Sometime in August 1923. Bobbie, a large dog, two years old, mostly collie, but said to be part English sheep dog, began his incredible journey.

His family, the Braziers, were restaurant owners who were vacationing in a small Indiana town, far from their Silverton, Oregon home. They became separated. The family had to return home, leaving Bobbie in Indiana.

So, Bobbie traveled, alone, westward to reunite with his family. At first, he was trying to find his bearings, wandering in circles, as people do when they are lost, traveling miles, but only about a couple of hundred of them in the right direction. In late fall, he began to find the journey toward home.

He trekked through Illinois and Iowa. Sometimes, he caught his own dinner. Other times, people fed him and gave him shelter for a night or longer.

Hoboes shared their food with him. During Thanksgiving, a family took him in for several weeks. Then, it was time for him to move on.

He lost a lot of weight during his journey. He swam across rivers, including the Missouri, filled with ice. He crossed the Rocky Mountains.

Finally, in February, he reached home and entered the family restaurant. He went to the second floor living quarters where Frank Brazier was sleeping, jumped on the bed and licked Frank’s face. This ended the 3,000 mile six month long journey.
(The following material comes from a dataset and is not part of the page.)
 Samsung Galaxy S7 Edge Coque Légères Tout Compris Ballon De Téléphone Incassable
The president of the Oregon Humane Society authenticated this amazing feat. The route was reconstructed and people who saw or took care of Bobbie were interviewed.
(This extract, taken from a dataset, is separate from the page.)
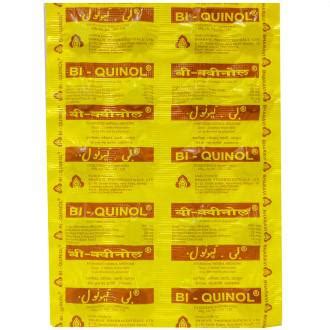 Buy Bi Quinol Tablet Online at Best price in India | Flipkart Health+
Bobbie did not follow Frank’s east/west route and appeared to have traveled thousands of miles over land he had never been in, land he had not seen, smelled or, in any way was familiar, yet, he found his way home.

Joseph Banks Rhine, one of the fathers of modern parapsychology, and his daughter, Sara Feather, have studied many similar cases. Rhine called this phenomena psi-trailing. Psi is the abbreviation for psychic phenomena.

In 1952, he investigated a case of psi-trailing that happened in 1952. This was one of the longest journeys of a cat.

Stacy Woods was an Anderson, California school principal. Sugar was the family cat.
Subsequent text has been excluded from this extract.